Арестант говорил так искренне и так ярко описывал пережитое, что я уверился: он не лжет. Я послал в Россию запрос касательно того офицера и через несколько месяцев получил ответ от него самого. Он писал, что рассказ Перса о той злосчастной стычке, в которой он (офицер), будучи тяжело ранен, уцелел и единственный сумел добраться до своих, чистая правда и что он рад узнать, что один из его людей до сих пор жив. Я тоже очень обрадовался, что мой оптимизм, вероятно вызывавший в канцелярии смешки, и знание людей не обманули меня и что я в силах помочь этому столь много пережившему человеку наконец-то вернуться домой, где ему, надеюсь, не довелось столкнуться с новыми разочарованиями.

За год моего пребывания в Каре обнаружилось еще два случая судебной ошибки, т. е. вынесения приговора невиновному. В одном случае человек отсидел шесть лет на каторге, когда пришла весть, что преступник, уличенный в другом убийстве, сознался и в том преступлении, за которое невинно сидел этот бедняга. Второй случай, когда осужденный за убийство уже два года находился в Каре, также разъяснился благодаря признанию настоящего убийцы. За обоими на каторгу последовали семьи, вынесшие все опасности и ужасы этапа и самих каторжных работ, — домой они вернулись надломленные физически и морально.

СИБИРСКИЕ КРЕСТЬЯНЕ

Царская идея заселить Сибирь, высылая туда нежелательные и преступные элементы, была в корне ошибочна. И доказательством здесь служит тот факт, что за без малого три столетия лишь ничтожное число таких сибирских поселенцев стало настоящими оседлыми колонистами. Отдельно взятый русский человек вообще не колонист. Ему нужен «мир», сельская община, потому что именно эта форма крестьянского сообщества отвечает его натуре. Он не способен в одиночку, своими силами, вести успешную борьбу с дикой природой и жестоким климатом, не способен быть первооткрывателем. Вдобавок на поселение в Сибирь отправляли обычно людей нравственно неполноценных, которые вдобавок прежде никогда не занимались сельским хозяйством. Те, кто в Сибири процветал, были исключениями; эти люди обладали достаточно высокой культурой и выдающимися духовными и физическими задатками и всюду на свете добились бы успеха. Только когда в конце XVIII века правительство, не останавливаясь перед большими затратами, стало систематически расселять на хороших, пригодных для сельского хозяйства территориях многочисленные группы крестьян, истосковавшихся по земле, — группы, связанные кровными узами и общей родиной, — население Сибири заметно увеличилось.

Истинно сибирские крестьяне, потомки покорителей Сибири XVI и XVII веков, тех разбойников ермаков и стенек разиных, которые, стремясь на Восток, на собственный страх и риск покорили обширные территории Сибири и преподнесли своему царю, — это совсем другая часть сибирского населения, которую ни с кем не спутаешь.

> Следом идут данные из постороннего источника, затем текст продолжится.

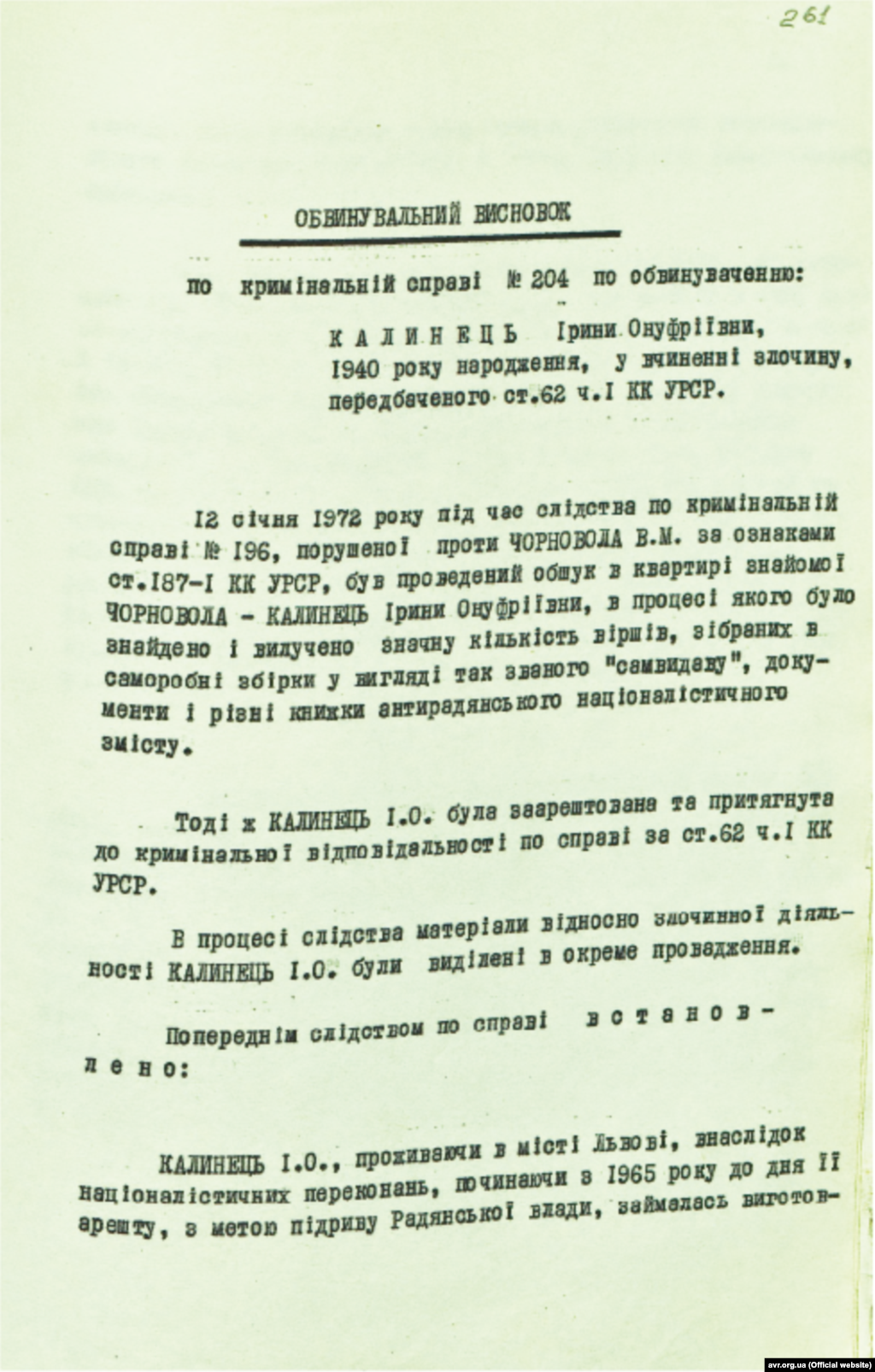 Обвинувальний висновок у кримінальній справі Ірини Калинець від 11 липня 1972 року (стр. 1)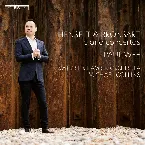 Pochette Piano Concertos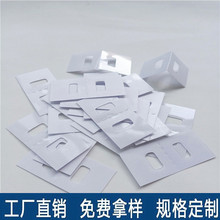 �S�����l͸��PVC���h pet��ճ���^ ���b�ʺ���ճ�h�٘I�����h�NƬ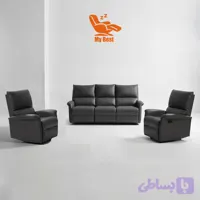 نیم ست مبلمان ریلکسی My Set17 مای رست.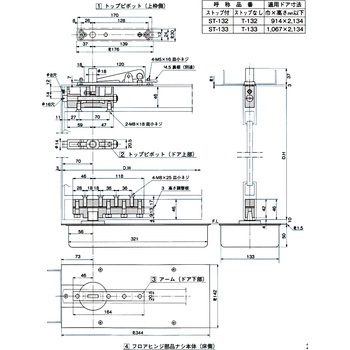 強化ガラス用フロアヒンジ 中心吊自由開き DIA
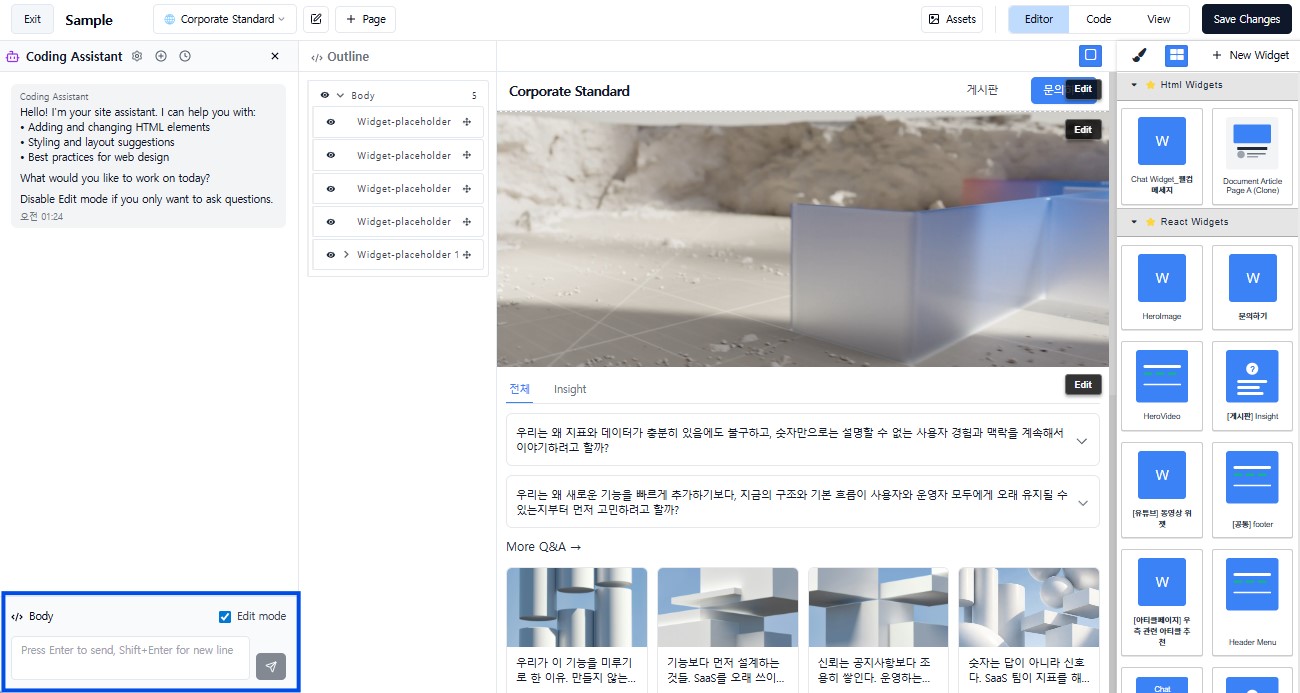 화면 캡처 2026-02-12 147654.png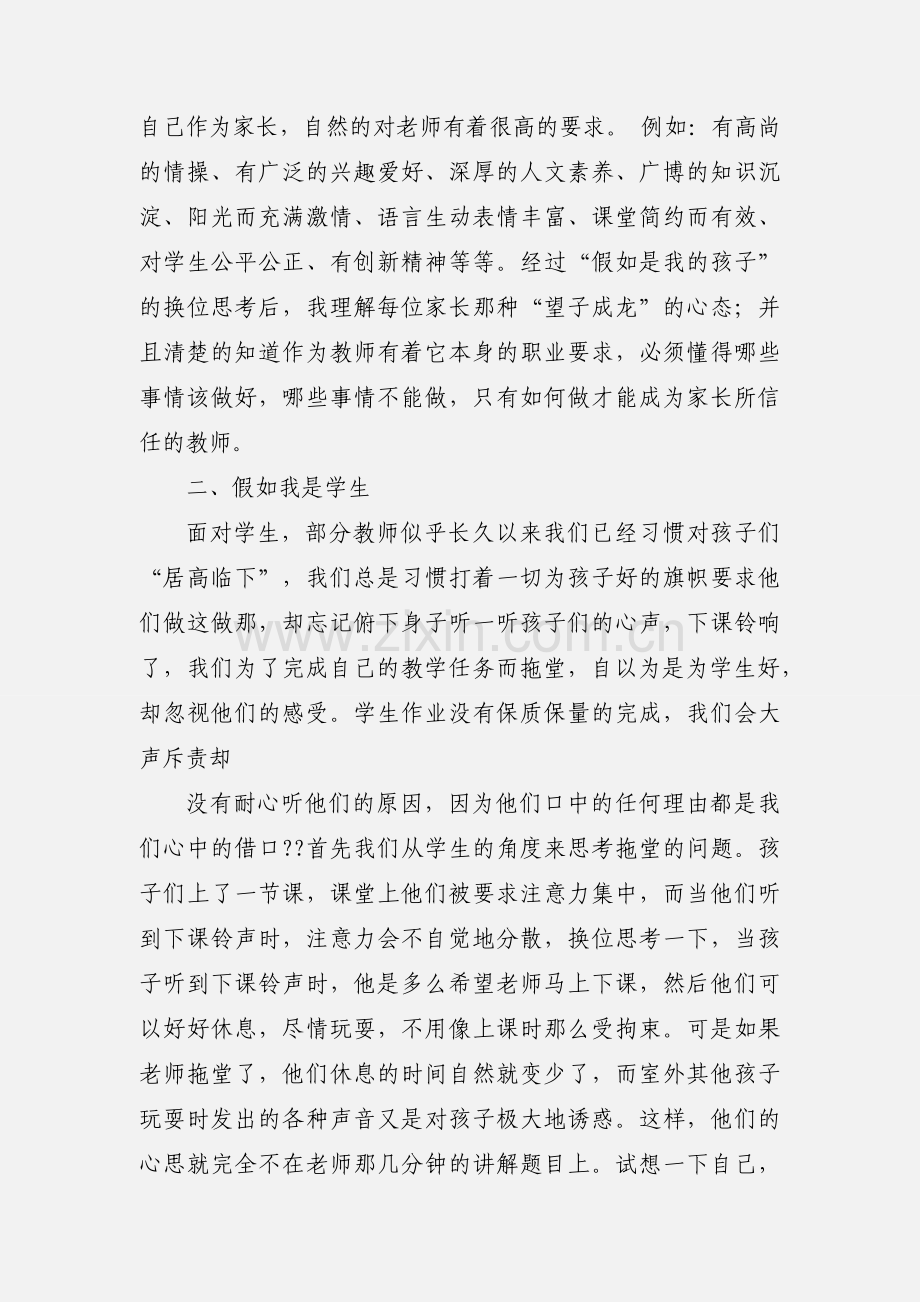 假如我是服务对象心得体会(多篇).docx_第2页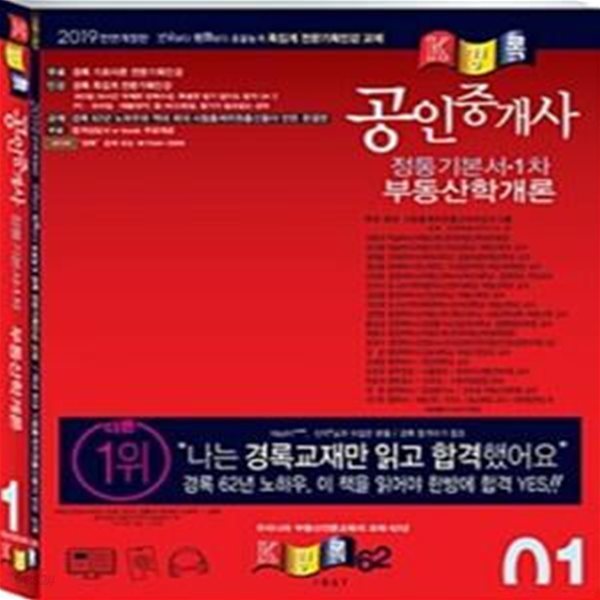 공인중개사 정통기본서 부동산학개론 (2019)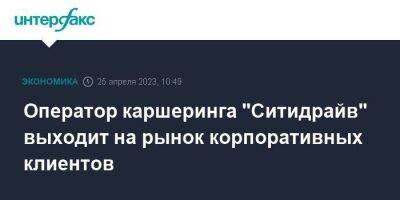 Оператор каршеринга "Ситидрайв" выходит на рынок корпоративных клиентов - smartmoney.one - Москва - Санкт-Петербург - Сочи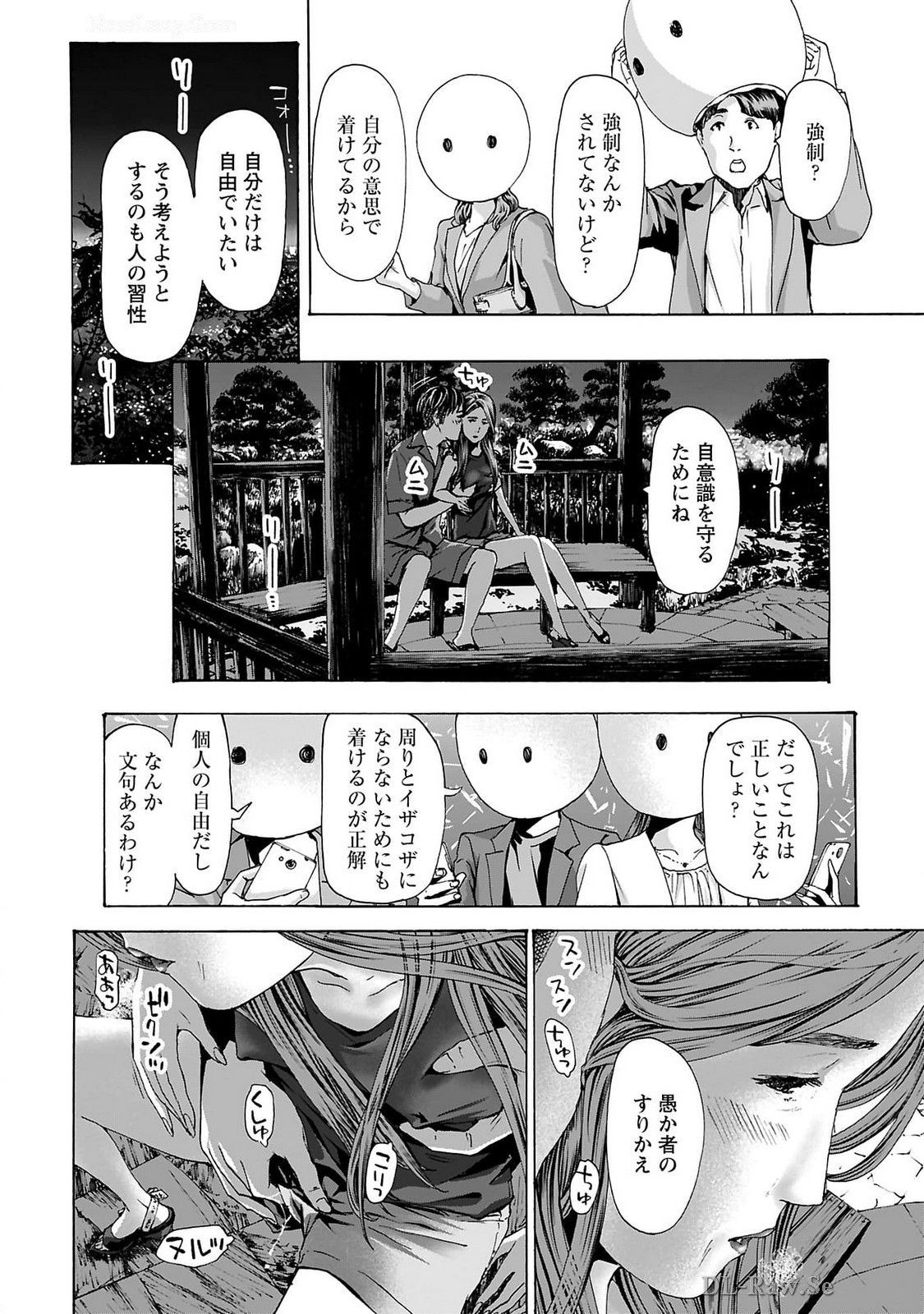 Page 190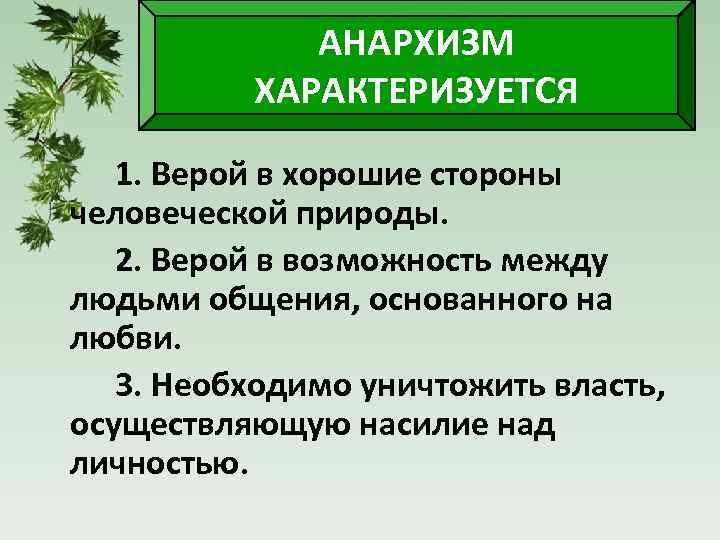 АНАРХИЗМ ХАРАКТЕРИЗУЕТСЯ 1. Верой в хорошие стороны человеческой природы. 2. Верой в возможность между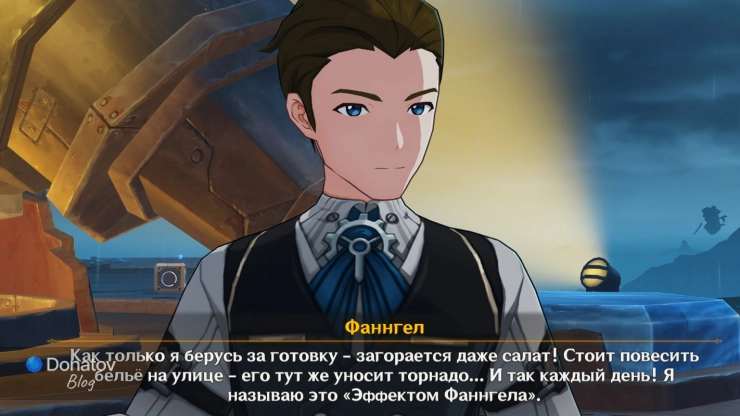 Проклятье Фаннгела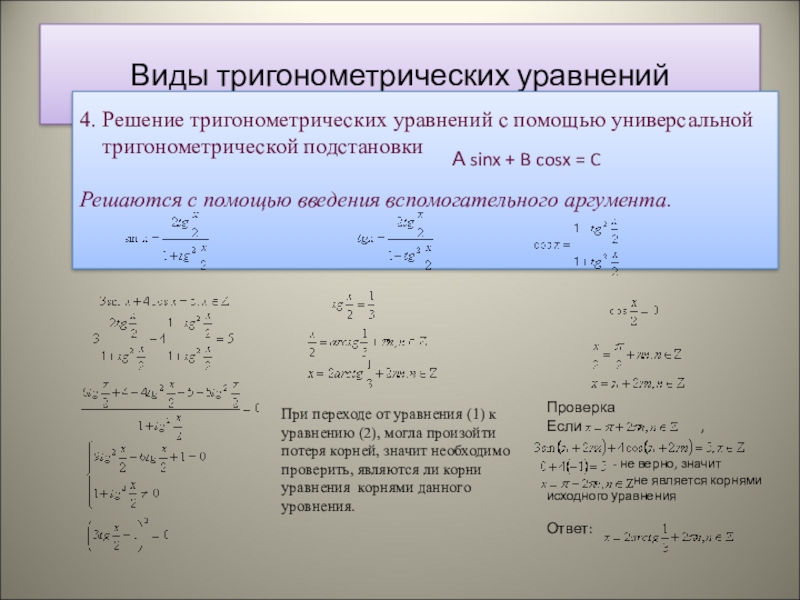 Алгоритмы решения тригонометрических уравнений проект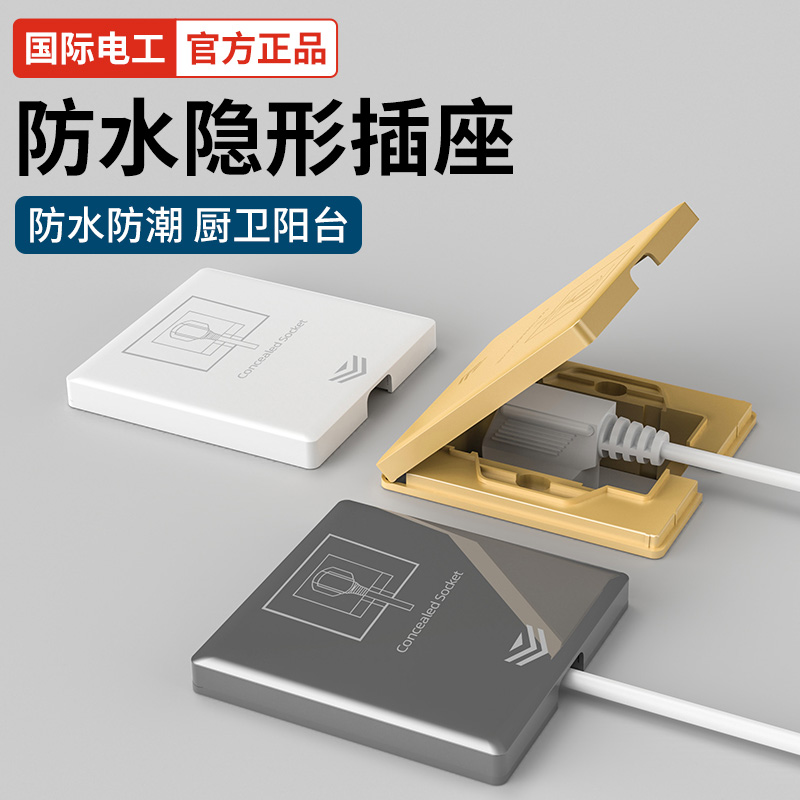 国际电工86型卫生间防水插座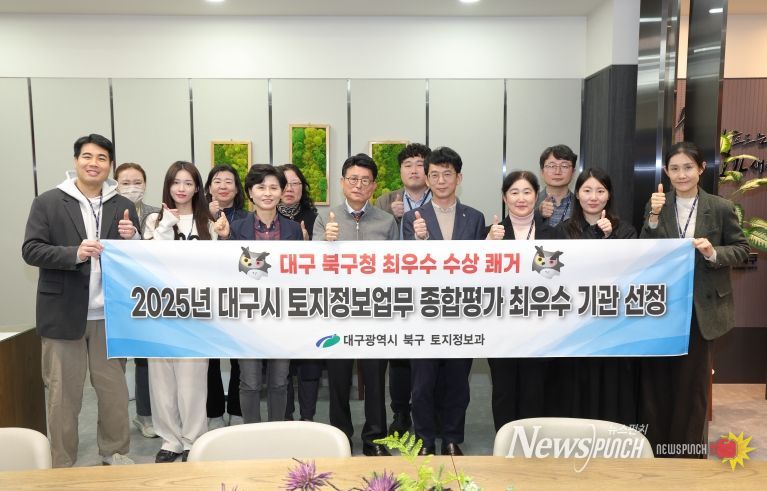 토지정보업무 종합평가 최우수 기관 선정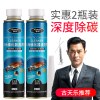 车仆三元催化清洗剂2瓶装 免拆三元催化器进气门喷油嘴清除积改善尾气超标清洁剂提高年审合格率汽油添加剂燃油宝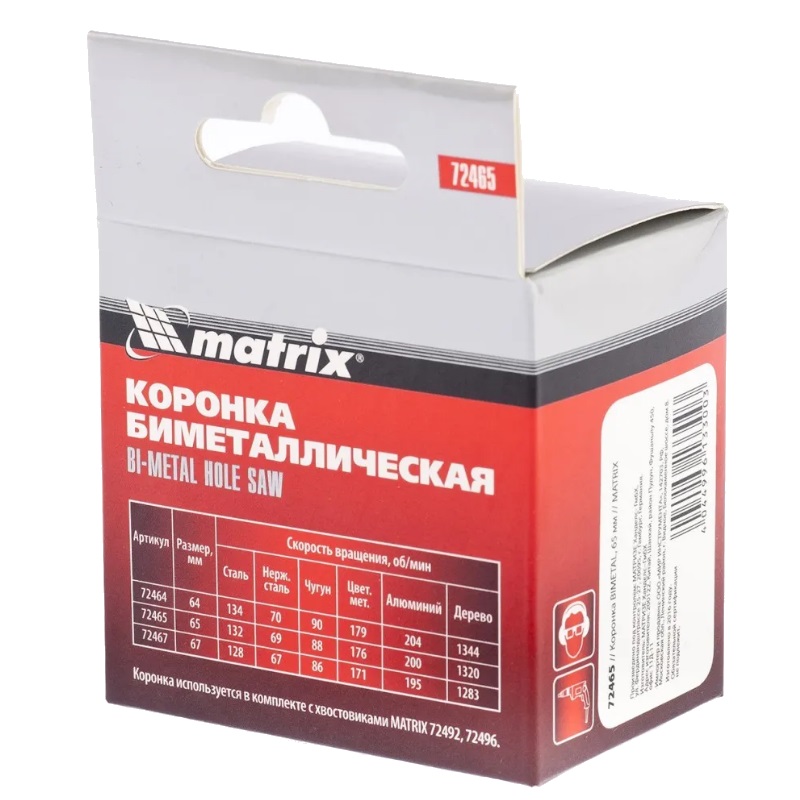 Коронка Matrix BIMETAL 72465 (65х40мм; 5/8 18UNF) в Череповце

Они всегда были свободны и рассчитывали только на себя, никогда не знали крепостной зависимости и закалились в постоянной борьбе с природой и людьми.

Их села не идут ни в какое сравнение с деревнями России — дома у них просторные, ухоженные снаружи и внутри и содержатся в такой чистоте, какую я видел разве только в Швеции и Финляндии. Пол выскоблен так, что на нем можно не задумываясь стелить постель.

В этаком сибирском крестьянине нет ни малейшего следа покорности, что существенно отличает его от российского крестьянина; каждого он встречает одинаково радушно, с неизменной учтивостью, но без подобострастия. В деревне он живет обычно только зимой и занимается извозом. Летом же наравне с работниками трудится в тайге на заимках, которых у него одна или несколько и все созданы его руками. Жизненный уклад его, поэтому более схож с мелкопомещичьим, нежели с крестьянским. Человек зажиточный, знающий себе цену, он — сибирский патриот, преданный царю, но враждебный России, ведь он видит, что она только использует его и тормозит развитие Сибири, а ни помощи, ни защиты не обеспечивает. Российский чиновник для него — неизбежное зло, вроде комаров, слепней и «мошкары», мелкого сибирского кусачего гнуса. На русских колонистов он смотрит с пренебрежением и с ними не смешивается; играя словами, зовет их «навозом», ведь по-русски «навоз», с одной стороны, удобрение, а с другой — нечто чуждое, привезенное извне. Впрочем, этим же «ласковым» словом он зовет и российского чиновника.